Ce mouvement, central dans la démarche de l’artiste, la guide dans la réalisation de ses œuvres emblématiques, des bandes de papier suspendues ou accrochées au mur recouvertes d’encre leur conférant des teintes complexes et organiques. Le procédé, que l’artiste compare à la révélation photographique, tient également de la chorégraphie, qui fut un temps son domaine d’expression principal. Tant en matière de répétition de geste que dans la retranscription d’un mouvement qu’elle amorce et qui la dépasse pour s’immobiliser dans la durée du séchage, toujours différent, s’inscrit sur le papier la trace d’un geste enlevé, d’une danse du pinceau ou de la course de l’encre vers la gravité. Le procédé, mobile et léger devient tout aussi souple en organisant des rencontres de nuance par ensemble de correspondances, de hasards et d’accidents.
La désorientation, au cœur de cette proposition paraît, quoi qu’il arrive, inévitable ; comment, plongé dans une immensité où tout est lié, se retrouver ? Peut-être en comptant ses pas, en se fiant au son, très présent dans l’exposition avec des pièces sonores qui sont autant de balises rythmant le voyage. Réceptacles fabuleux à l’imaginaire, les installations, dans leurs matériaux comme dans leurs motifs invitent au toucher, à éprouver la sensation et se chargent de symboles énigmatiques nées des contractions du support.
Nait alors un jeu passionnant entre l’enfermement et l’étendue.
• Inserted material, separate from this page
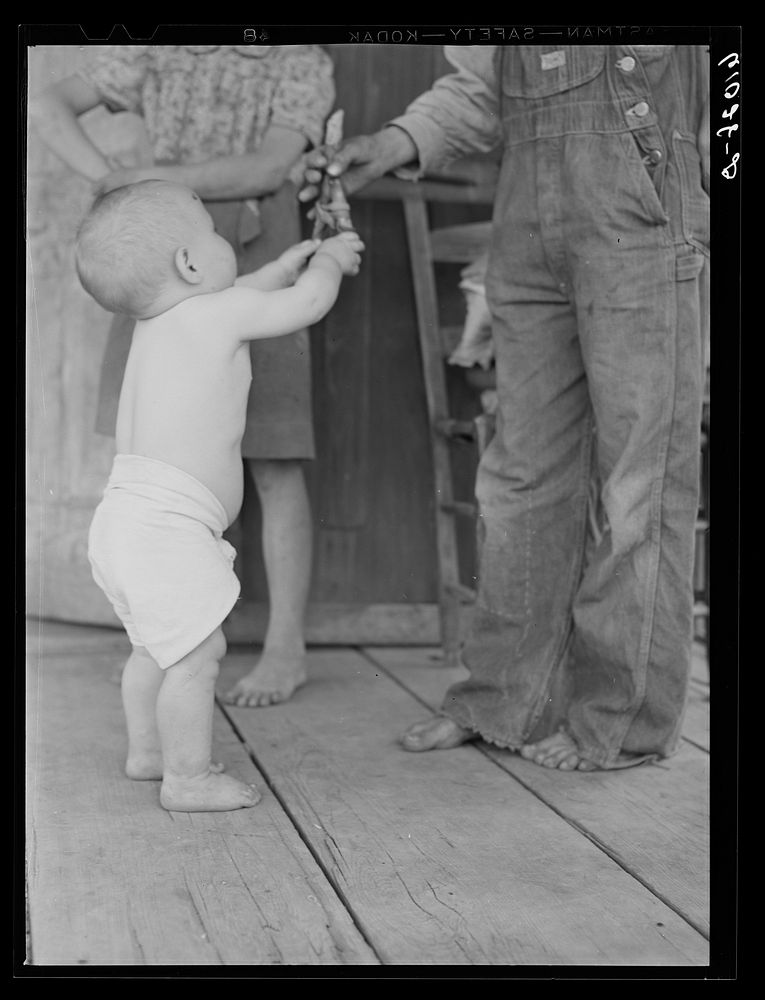 [Untitled photo, possibly related to: Baby of sharecropper. New Madrid County, Missouri]. Sourced from the Library of…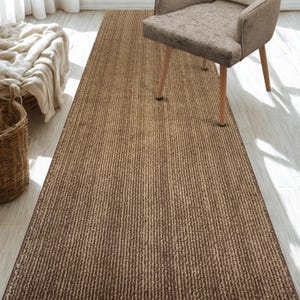 May include: A brown and beige striped runner rug with a textured surface. The rug is placed on a light wood floor and a chair is partially visible in the foreground.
Au sein de ces voiles de couleurs qui nous enserrent se révèle l’image d’un espace infini. Entre clôture et ouverture, le papier joue comme un abri mais sa porosité laisse entrer le monde extérieur. L’œuvre de Jaime-Cortez embrasse ainsi à plein cette analogie avec la peau, cette couche qui nous protège du monde autant qu’elle nous y relie. Les feuilles vibrent et se meuvent comme la peau évanescente et pourtant bien sensible de cette baleine de rêve.
Un songe qui tourne au vertige ; les feuilles imbibées d’encre se chargent d’une force poétique inattendue, celle d’une peau monde qui frémit toujours de sa respiration, le courant d’air qui relie point à point toute la surface de la terre. Tout comme l’eau des rives de la Seine rejoint, à force de voyage, les grèves insensées des plages de Patagonie.